“Who are you?” the man asked, stepping in front of Astrid’s wagon. He was brave.
“My name is Astrid Sala,” she replied.
“I am Elder Tolan,” he said, walking around to the back of the wagon. “What are you doing with the tribute wagons?”
“What happened here?” Astrid said, looking around.
“They came for tribute season, then they came back and started taking more. When we objected, they started breaking things and beating people. Some of the women, they… ” The man trailed off. “Like common bandits.”
“Hey!” Gormer shouted from the other wagon. “Bandits never do that!” Astrid shot him a sharp look, and he stopped.
“Empty the wagons. Take everything back,” Astrid said.
“Everything? We pay our tribute. That is the way. We have enough to be comfortable over the winter. We support our Territory. We just don’t want to pay more than our fair share. I’ll just take back what they stole.”
“You’re a good man,” Astrid said. “Maybe we should get going on this sooner rather than later. We’ll take the lead on unloading the wagons.”

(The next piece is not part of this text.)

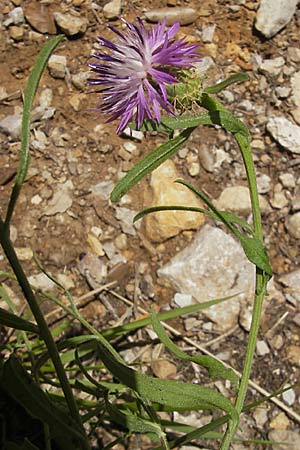Centaurea aspera \ Raue Flockenblume / Rough Star-Thistle, F Saint-Guilhem-le-Desert 1.6.2009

Tolan snapped out of it when he saw the increasing anger on the faces of his neighbors as they approached.
“Who are these people?” a woman with a handsaw in her hand asked. “Why do they have the tribute wagons?”
“That’s a good question,” Tolan said, loud enough for everyone to hear. “It’s obvious they took the wagons from the agents. I asked once, but haven’t yet had an answer.”
Astrid stood on her captured wagon, introduced herself, and explained what had happened. “We came to take back a share of what was taken from Argan Village without cause. We found these men torturing this person—” she pointed her hand toward Charlie “—so we stopped them. They resisted, and all but one died as a result.”
“You mean, you came to steal the tribute,” the woman sneered. “You’re just like the collectors.”
The crowd murmured, debating the point among itself.
“If we were like them,” Gormer said, standing up, “we wouldn’t be here, lady. We came here to give you your shit back. We’re taking some tribute back to Argan Village so they won’t fucking starve. These assholes took all their winter stock.”
Astrid didn’t shut him up. The delivery wasn’t what she wanted, but he made a fair point.
Tolan stepped closer and looked up at Astrid. “But that doesn’t answer who you people are. Not just your names,” he said. “Why are you doing this?”
Astrid found herself looking at Gormer, who shrugged and scowled deeply. Vinnie just scratched his chin while Moxy sat with her head covered by her green, silk hood. Tarkon sat motionless as a statue. Astrid didn’t have a ready answer.
“I guess you could say we’re concerned strangers. We see things aren’t right. We’re here to change them.”
CHAPTER ELEVEN
The Road to Argan Village
Compliance Officer Jank was in a foul mood. He wasn’t accustomed to being defied, especially not by the lowly. His job was to make sure the tribute flowed when there were problems. He took care of bandit issues and reluctant farmers.
He felt fortunate when he got to lead his men against some border incursions from one of the rival Protectorates. But he felt that playing games with a village that thought it could stand against law and order was beneath him.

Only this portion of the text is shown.